Não seria oportuno, hipoteticamente, procrastinar a entrada da Finlândia e da Suécia na OTAN para tempos menos calamitosos, o que hoje tem o sentido, pelo menos aos olhos da Rússia, certamente não de um movimento de defesa, mas de um ato de hostilidade que estenderia a fronteira entre a Rússia e a OTAN em 1.300 quilômetros?
Certamente a OTAN, por sua vez, pode destruir a humanidade não 100, mas 200 e mais vezes. Certamente é bastante improvável que Putin arrisque o suicídio nuclear. Mas estamos realmente seguros de que ele se resigne a uma derrota humilhante, se realmente é um novo Hitler? Que uma vez encurralado não coloque em prática suas ameaças nucleares, evocadas novamente em 12 de maio pelo chefe de governo Dmitry Medvedev? Além disso, do que estamos falando quando calculamos as baixas probabilidades de uma guerra total? De um jogo de pôquer, de uma roleta, cuja aposta é a destruição da Ucrânia, ou da Europa, ou pior, da humanidade? De uma corrida para ver quem será o melhor em provocar a destruição global e devastar o planeta?
Todos repetem que Putin não quer negociar. Mas seria bom, pelo menos colocá-lo à prova, não o obrigando a usar as armas, mas tentando responsavelmente o caminho de uma solução pacífica para o conflito. É o caminho expressamente indicado pela Carta da ONU, cujo artigo 51 estabelece que todo "membro das Nações Unidas" tem o "direito natural de autodefesa" contra "um ataque armado", "desde que o Conselho de Segurança não tenha tomadas as medidas necessárias para manter a paz e a segurança internacional".
Quais poderiam ser essas "medidas necessárias" para impedir que a escalada atual degenere em uma guerra nuclear?
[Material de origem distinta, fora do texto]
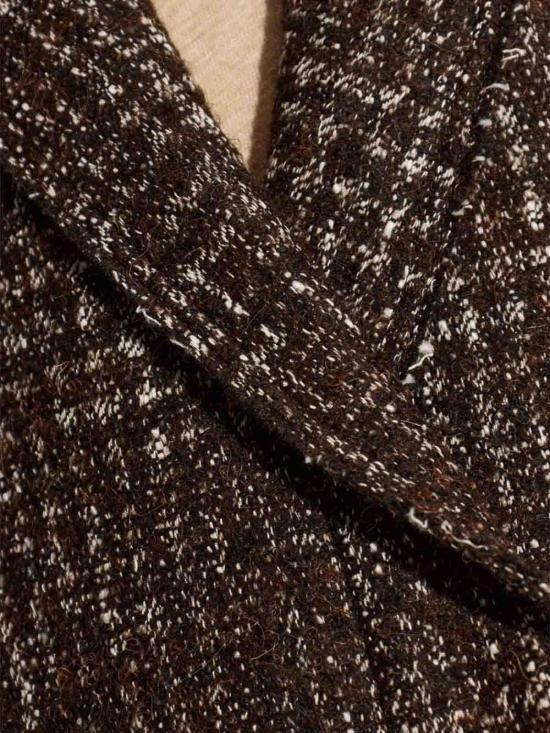 26FW 이로 미디 스커트 IGLIAWP137BR069 BROWN - IRO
Certamente não a decisão de cessar fogo, que a Rússia vetaria. A verdadeira medida consistiria na própria reunião, em sessão permanente, do Conselho de Segurança, onde estão presentes todas as grandes potências, incluindo a China, para "conseguir por meios pacíficos", como exige o artigo 1º da Carta, "a solução" do conflito.
Em suma, trata-se de estar ao lado da Ucrânia nas negociações, com todo o peso e a autoridade das potências ocidentais, mas também com a autêntica vontade de alcançar a paz. O resultado poderia ser um acordo no mesmo espírito do Ato Final da Conferência de Segurança de Helsinque de 1975. Vamos tentar sonhar. O presidente dos EUA, Joe Biden, abre a sessão dizendo: “A Rússia se tornou responsável por uma agressão criminosa a um estado soberano. Mas talvez nós também, como disse o Papa Francisco, tenhamos exagerado ao ladrar em suas fronteiras. A Rússia, portanto, pare com esse massacre absurdo e todos nós, logo depois, ponhamos um fim ao pesadelo nuclear!
Proponho o seguinte pacto: Putin retira todas as suas tropas de toda a Ucrânia. Em troca, propomos a ele que a Rússia também entre para a OTAN, que se reabra e complete o processo de desarmamento nuclear planetário iniciado por Reagan e Gorbachev em 1987, que as sanções cessem e que, aliás, se coloque em prática, graças também à redução dos gastos militares, um plano de ajudas econômicas destinado a reconstruir a Ucrânia e também ajudar 150 milhões de russos a sair da pobreza”. Seria a verdadeira demonstração da superioridade moral e política do Ocidente.
Biden passaria para a história como o artífice de uma nova ordem de paz. Putin e Zelensky, obviamente, aceitariam. Seria a vitória de todos: da Ucrânia, da OTAN, da Europa, dos Estados Unidos, da Rússia e, sobretudo, do povo ucraniano e do povo russo. Mas tudo isso, é claro, não é "política". Não é realista. É apenas um sonho. A realpolitik no poder, os nossos governantes, os nossos comentaristas preferem o pesadelo.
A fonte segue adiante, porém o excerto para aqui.